İkinci amacımız, 1988
yılında örgütsel varlığı sona eren Acilciler’in adının Lazkiyeli hain
tarafından pis amaçlar için kullanılmasını engellemekti. Bu isim, Muhabarat’ın
Acilciler adını kullanarak devrimci harekete sızması için kullanılıyordu. Bunun
için Ankara merkezli ülke çapında bir gazete çıkarılması planlanmıştı, bürosu
bile tutulmuştu. Deşifre ettik ve engelledik.
İnanan
sayısı gittikçe azalıyordu ama yine de bu ismin pis amaçlar için kullanılması
bizi rahatsız ediyordu.
Lazkiyeli
hain Reyhanlı katliamı üzerinde kaldığı için fena sıkıştı ve “Acilciler 20
yıldır yoktur!..” –doğrusu 25 yıl- açıklaması yapmak zorunda kaldı. Tek
ayağı üzerinde kırk tane yalan söyleyen bu tipe, “öyle ise bunca zamandır
derdin neydi?” diye sormak abes olur. Önemli olan bu amaca da ulaşmamızdı.
Acilciler tarihini bu tarihte teorik ve pratik kayda değer herhangi bir rolü
bulunmayan bu pisliğin elinden kurtardık.
Bundan
sonra kurucusu olduğunu iddia ettiği Şebiha milisleriyle Banyas’ta katlettiği
200 kadar Sünni gibi yeni vahşetlere mi yönelir, Muhabarat’ta başka bir şey mi
yapar; bizi ilgilendirmiyor.
El Nursa
Cephesi Banyas’taki Sünni katliamındaki rolü nedeniyle bu tipin kellesine ödül
koymuş ve bu da bizi ilgilendirmiyor.
Son bir
yıldaki diğer önemli gelişme ise, örgüt tarihi yazımının somutlanması
oldu. Zengin bir tarihimiz var, ama bu tarihin yazılabilmesi için önce
alanın temizlenmesi gerekiyordu. Lazkiyeli haini bu tarihten süpürdük,
yalanlarını ortaya çıkardık, palavralarını etkisizleştirdik. Kim, nedir, iyice
ortaya çıktı.Bu tarihin yazımıyla ilgili olarak Acilciler külliyatı deyimini
kullanmıştım.
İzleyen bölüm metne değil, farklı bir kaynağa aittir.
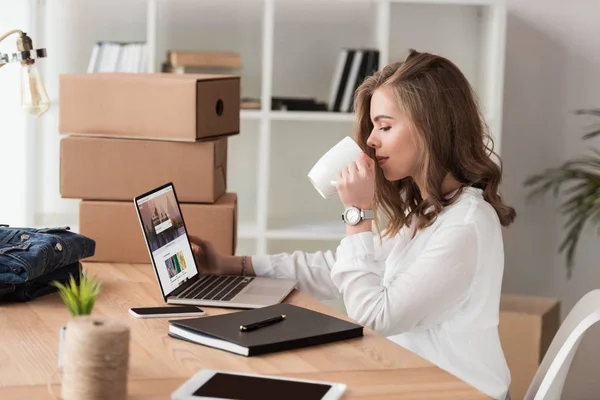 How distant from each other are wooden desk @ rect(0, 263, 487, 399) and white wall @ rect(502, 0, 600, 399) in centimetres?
233

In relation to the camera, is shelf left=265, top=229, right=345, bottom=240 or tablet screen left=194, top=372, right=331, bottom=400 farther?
shelf left=265, top=229, right=345, bottom=240

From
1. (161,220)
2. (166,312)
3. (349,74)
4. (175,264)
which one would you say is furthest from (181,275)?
(349,74)

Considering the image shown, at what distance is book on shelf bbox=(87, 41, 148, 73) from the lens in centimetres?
340

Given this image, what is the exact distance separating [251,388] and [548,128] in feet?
9.17

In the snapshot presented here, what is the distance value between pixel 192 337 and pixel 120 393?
39cm

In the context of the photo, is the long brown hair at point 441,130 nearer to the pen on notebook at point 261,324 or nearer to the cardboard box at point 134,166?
the pen on notebook at point 261,324

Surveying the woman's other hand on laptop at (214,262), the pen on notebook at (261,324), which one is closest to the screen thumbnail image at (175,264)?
the woman's other hand on laptop at (214,262)

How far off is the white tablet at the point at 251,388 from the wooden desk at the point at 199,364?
0.10 ft

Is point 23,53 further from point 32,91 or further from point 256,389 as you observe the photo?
point 256,389

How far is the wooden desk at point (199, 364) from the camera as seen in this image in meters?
1.32

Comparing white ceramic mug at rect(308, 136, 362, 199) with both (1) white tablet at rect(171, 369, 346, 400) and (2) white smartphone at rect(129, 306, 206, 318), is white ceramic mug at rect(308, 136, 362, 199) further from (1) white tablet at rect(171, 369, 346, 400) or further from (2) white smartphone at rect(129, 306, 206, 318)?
(1) white tablet at rect(171, 369, 346, 400)

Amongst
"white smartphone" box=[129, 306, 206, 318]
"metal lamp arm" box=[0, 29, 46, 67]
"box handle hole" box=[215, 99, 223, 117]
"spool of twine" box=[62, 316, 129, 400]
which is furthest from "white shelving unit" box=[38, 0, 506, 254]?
A: "spool of twine" box=[62, 316, 129, 400]

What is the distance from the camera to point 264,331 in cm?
155

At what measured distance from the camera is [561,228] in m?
3.83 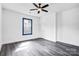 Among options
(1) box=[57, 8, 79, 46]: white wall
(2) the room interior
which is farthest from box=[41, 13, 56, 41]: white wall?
(1) box=[57, 8, 79, 46]: white wall

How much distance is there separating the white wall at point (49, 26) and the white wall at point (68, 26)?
1.08 ft

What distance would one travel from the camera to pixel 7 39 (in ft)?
11.1

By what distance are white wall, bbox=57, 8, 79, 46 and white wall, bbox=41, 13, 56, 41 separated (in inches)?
13.0

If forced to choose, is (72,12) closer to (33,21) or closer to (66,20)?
(66,20)

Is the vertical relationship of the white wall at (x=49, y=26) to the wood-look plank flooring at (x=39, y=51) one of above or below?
above

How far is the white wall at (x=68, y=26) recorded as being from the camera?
3.00 metres

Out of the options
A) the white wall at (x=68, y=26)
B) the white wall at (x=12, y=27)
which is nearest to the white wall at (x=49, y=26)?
the white wall at (x=68, y=26)

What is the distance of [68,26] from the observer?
3.30 meters

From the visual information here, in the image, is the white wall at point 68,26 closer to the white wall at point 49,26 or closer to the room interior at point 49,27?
the room interior at point 49,27

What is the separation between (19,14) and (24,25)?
83 cm

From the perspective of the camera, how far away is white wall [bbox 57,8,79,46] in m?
3.00

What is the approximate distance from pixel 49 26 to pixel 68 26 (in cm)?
140

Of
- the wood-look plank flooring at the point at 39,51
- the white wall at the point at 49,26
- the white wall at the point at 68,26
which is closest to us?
the wood-look plank flooring at the point at 39,51

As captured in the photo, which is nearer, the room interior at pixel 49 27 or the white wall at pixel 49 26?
the room interior at pixel 49 27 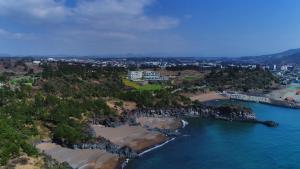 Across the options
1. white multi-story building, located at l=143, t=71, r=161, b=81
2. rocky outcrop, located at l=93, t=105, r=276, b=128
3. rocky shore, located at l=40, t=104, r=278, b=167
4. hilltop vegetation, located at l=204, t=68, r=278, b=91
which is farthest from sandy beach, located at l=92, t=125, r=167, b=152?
white multi-story building, located at l=143, t=71, r=161, b=81

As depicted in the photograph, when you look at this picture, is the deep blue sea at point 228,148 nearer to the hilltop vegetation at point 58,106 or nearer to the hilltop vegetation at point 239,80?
the hilltop vegetation at point 58,106

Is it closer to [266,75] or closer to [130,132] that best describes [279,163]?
[130,132]

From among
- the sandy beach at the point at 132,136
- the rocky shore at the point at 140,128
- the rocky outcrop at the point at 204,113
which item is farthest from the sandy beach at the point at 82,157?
the rocky outcrop at the point at 204,113

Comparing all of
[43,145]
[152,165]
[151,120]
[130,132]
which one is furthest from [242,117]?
[43,145]

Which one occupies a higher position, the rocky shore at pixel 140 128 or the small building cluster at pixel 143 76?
the small building cluster at pixel 143 76

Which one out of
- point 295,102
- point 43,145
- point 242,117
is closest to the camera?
point 43,145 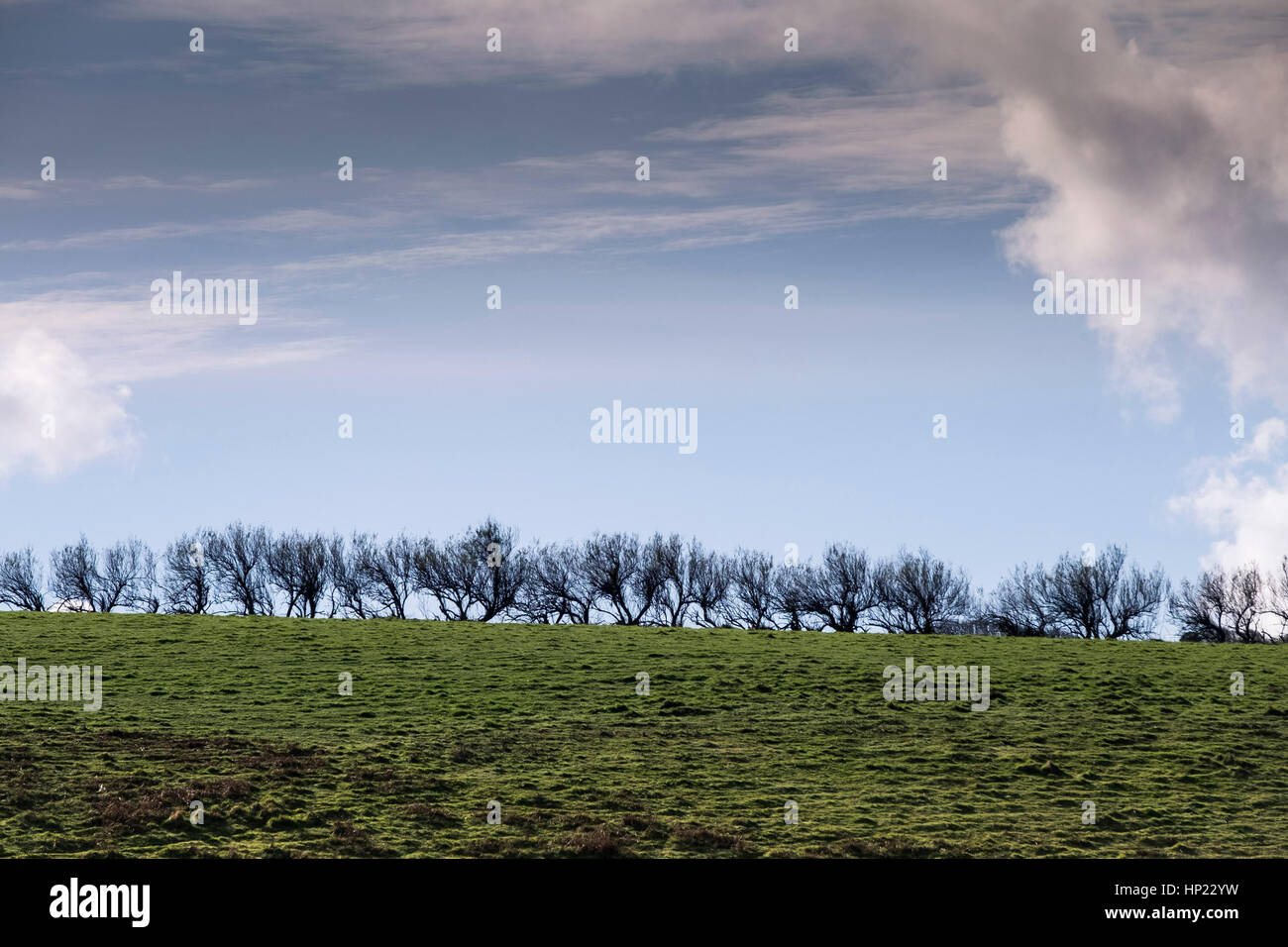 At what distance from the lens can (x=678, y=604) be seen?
349 feet

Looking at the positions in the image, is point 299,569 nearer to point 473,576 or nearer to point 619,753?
point 473,576

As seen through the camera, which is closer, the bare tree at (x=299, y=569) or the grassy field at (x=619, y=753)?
the grassy field at (x=619, y=753)

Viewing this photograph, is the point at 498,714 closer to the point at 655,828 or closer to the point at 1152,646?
the point at 655,828

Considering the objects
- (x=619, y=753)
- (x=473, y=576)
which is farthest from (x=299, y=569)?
(x=619, y=753)

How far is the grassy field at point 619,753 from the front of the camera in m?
22.2

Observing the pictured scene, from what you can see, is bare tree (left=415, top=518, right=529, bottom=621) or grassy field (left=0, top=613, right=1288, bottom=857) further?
bare tree (left=415, top=518, right=529, bottom=621)

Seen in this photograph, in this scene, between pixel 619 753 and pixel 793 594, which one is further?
pixel 793 594

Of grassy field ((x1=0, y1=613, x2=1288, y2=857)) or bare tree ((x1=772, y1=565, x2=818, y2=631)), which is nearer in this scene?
grassy field ((x1=0, y1=613, x2=1288, y2=857))

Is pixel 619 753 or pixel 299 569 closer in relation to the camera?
pixel 619 753

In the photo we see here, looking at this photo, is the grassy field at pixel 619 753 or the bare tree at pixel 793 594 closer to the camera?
the grassy field at pixel 619 753

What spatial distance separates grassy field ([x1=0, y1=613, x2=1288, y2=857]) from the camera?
2220cm

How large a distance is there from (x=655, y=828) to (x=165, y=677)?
2213 centimetres

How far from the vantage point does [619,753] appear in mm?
29141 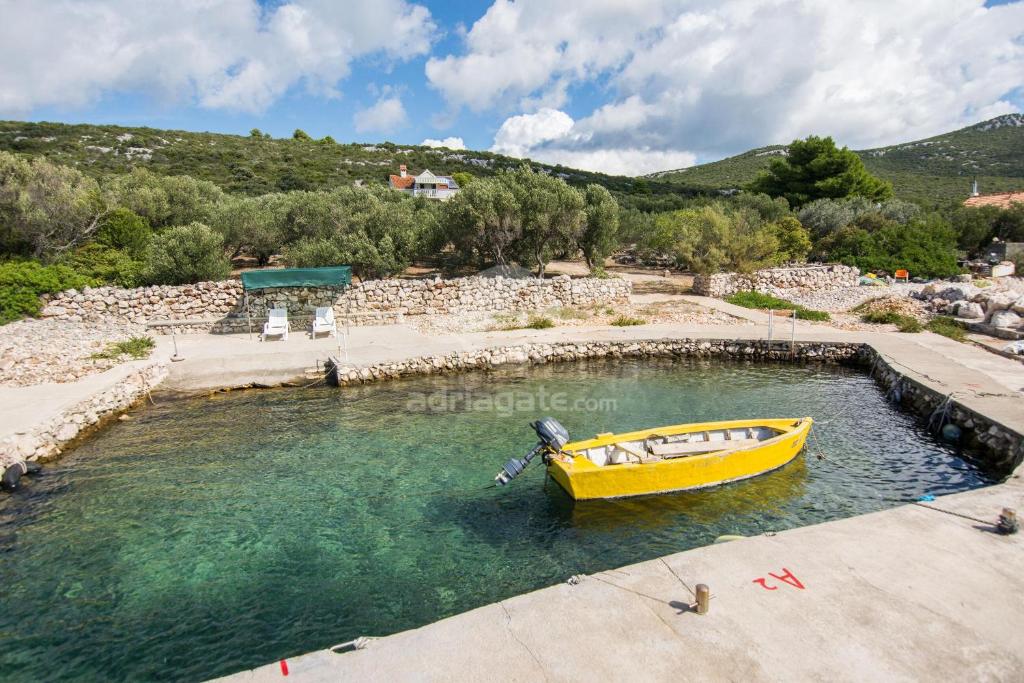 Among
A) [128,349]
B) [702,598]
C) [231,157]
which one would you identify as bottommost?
[702,598]

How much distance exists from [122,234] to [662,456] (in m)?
25.1

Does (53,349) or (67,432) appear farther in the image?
(53,349)

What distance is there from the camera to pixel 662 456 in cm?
939

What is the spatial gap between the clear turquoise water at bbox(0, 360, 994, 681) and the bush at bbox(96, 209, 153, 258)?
44.7 feet

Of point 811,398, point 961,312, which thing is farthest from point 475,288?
point 961,312

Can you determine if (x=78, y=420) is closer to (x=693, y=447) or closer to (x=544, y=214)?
(x=693, y=447)

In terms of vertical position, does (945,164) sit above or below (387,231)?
above

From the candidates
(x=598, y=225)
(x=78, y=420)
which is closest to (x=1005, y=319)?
(x=598, y=225)

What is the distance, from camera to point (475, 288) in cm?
2220

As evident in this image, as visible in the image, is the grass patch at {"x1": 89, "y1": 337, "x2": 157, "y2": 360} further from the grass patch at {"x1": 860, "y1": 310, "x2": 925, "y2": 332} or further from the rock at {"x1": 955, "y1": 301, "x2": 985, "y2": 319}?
the rock at {"x1": 955, "y1": 301, "x2": 985, "y2": 319}

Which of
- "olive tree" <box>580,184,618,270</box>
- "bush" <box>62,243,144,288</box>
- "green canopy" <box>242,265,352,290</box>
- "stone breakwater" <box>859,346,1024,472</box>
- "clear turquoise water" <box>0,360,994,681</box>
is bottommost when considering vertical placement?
"clear turquoise water" <box>0,360,994,681</box>

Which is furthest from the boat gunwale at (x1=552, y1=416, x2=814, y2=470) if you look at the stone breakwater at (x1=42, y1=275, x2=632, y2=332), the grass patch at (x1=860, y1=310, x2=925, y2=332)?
the stone breakwater at (x1=42, y1=275, x2=632, y2=332)

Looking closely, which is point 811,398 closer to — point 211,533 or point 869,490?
point 869,490

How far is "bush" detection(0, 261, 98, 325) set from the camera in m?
17.7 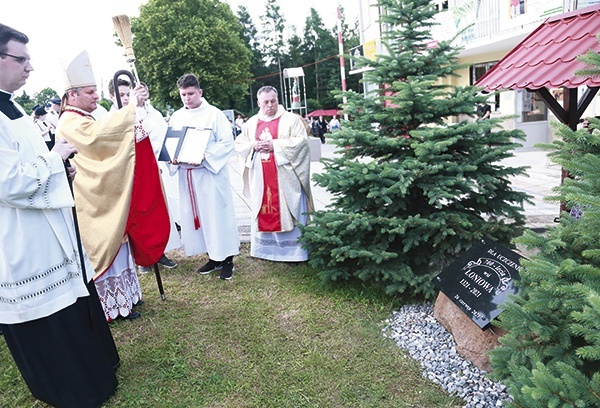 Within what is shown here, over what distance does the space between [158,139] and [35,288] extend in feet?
7.37

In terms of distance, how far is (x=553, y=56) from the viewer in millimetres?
3359

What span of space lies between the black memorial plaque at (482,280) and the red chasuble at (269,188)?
2.13m

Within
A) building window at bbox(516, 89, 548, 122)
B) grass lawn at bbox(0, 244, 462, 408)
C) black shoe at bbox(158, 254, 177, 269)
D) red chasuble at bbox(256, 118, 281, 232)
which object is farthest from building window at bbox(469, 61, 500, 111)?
grass lawn at bbox(0, 244, 462, 408)

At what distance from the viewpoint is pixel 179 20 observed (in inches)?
1257

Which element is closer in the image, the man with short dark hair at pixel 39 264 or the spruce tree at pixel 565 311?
the spruce tree at pixel 565 311

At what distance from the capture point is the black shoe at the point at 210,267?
4949mm

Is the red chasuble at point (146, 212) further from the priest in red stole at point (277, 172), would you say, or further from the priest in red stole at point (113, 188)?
the priest in red stole at point (277, 172)

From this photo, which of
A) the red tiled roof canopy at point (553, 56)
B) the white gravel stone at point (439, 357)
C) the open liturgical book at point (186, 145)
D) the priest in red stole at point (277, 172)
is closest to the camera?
the white gravel stone at point (439, 357)

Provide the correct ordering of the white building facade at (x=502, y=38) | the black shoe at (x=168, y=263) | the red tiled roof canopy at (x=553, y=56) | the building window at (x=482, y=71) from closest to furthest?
the red tiled roof canopy at (x=553, y=56) → the black shoe at (x=168, y=263) → the white building facade at (x=502, y=38) → the building window at (x=482, y=71)

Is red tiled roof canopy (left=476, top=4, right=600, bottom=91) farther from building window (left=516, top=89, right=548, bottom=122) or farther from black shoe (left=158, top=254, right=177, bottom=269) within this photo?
building window (left=516, top=89, right=548, bottom=122)

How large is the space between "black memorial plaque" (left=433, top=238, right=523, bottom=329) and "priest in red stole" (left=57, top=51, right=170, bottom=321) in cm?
238

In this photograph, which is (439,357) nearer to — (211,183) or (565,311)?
(565,311)

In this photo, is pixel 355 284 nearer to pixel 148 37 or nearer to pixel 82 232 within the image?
pixel 82 232

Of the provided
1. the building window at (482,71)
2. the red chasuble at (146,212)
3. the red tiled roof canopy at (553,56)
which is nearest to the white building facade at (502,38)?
the building window at (482,71) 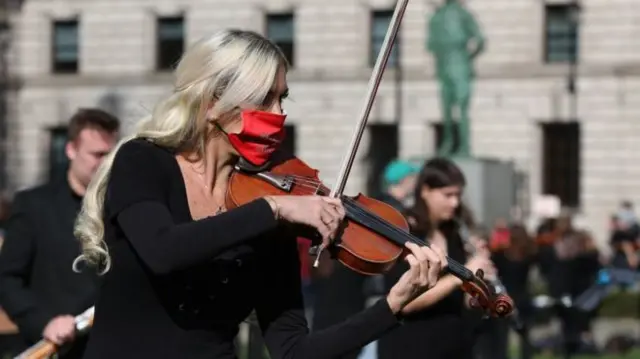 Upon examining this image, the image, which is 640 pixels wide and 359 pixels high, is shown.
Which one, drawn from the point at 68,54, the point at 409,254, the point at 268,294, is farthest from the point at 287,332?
the point at 68,54

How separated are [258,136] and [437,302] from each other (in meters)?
3.12

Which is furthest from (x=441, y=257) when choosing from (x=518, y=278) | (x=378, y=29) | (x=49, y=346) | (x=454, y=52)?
(x=378, y=29)

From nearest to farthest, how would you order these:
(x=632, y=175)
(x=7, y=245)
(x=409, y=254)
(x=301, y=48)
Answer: (x=409, y=254) < (x=7, y=245) < (x=632, y=175) < (x=301, y=48)

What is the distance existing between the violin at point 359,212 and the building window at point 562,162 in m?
37.4

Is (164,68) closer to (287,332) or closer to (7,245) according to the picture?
(7,245)

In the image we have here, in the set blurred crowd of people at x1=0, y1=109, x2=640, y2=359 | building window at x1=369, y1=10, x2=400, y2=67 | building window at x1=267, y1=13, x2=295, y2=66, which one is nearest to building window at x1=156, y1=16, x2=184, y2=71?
building window at x1=267, y1=13, x2=295, y2=66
Bunun ne olduğunu başka bir yazıda anlatacağım.
İlk kitap
yayınlandı: Sol İçi Şiddet ve Nebil Rahuma Olayı
Kitabın
basımı hoşumuza gitmedi ve kitabın dağıtımı büyük oranda bitti. Bu kitabı
yaklaşık yüzde 40 oranında genişletip, genişletilmiş ikinci baskısını
yapacağız. İkinci kitap, Mehmet Koç ile ilgili ve o da yayınlanacak.
Arkasından
başka kitaplar gelecek…
Bir yılda
önemli adımlar ama bu adımların beş yıllık geçmişi bulunuyor. Eski
özelliklerimize geri döndük denilebilir. Biz konuşmakla yetinmeyiz,
yaparız. Yapmaktan kastım, yapabilmek için ciddi olarak teşebbüs
etmektir.
Hatalarımız
olabilir, başarısız da olabiliriz; ama bir şeyi yapmaya karar verince ciddi
olarak teşebbüs ederiz. Yapamazsak, yapamadık, deriz, ama yapmak için ciddi
olarak teşebbüs ederiz.
İçi boş
ajitasyon ve palavracılık bu nedenle bize uymaz. Yapmak için teşebbüs
edebiliyorsan, birini olmazsa ötekini mutlaka yaparsın.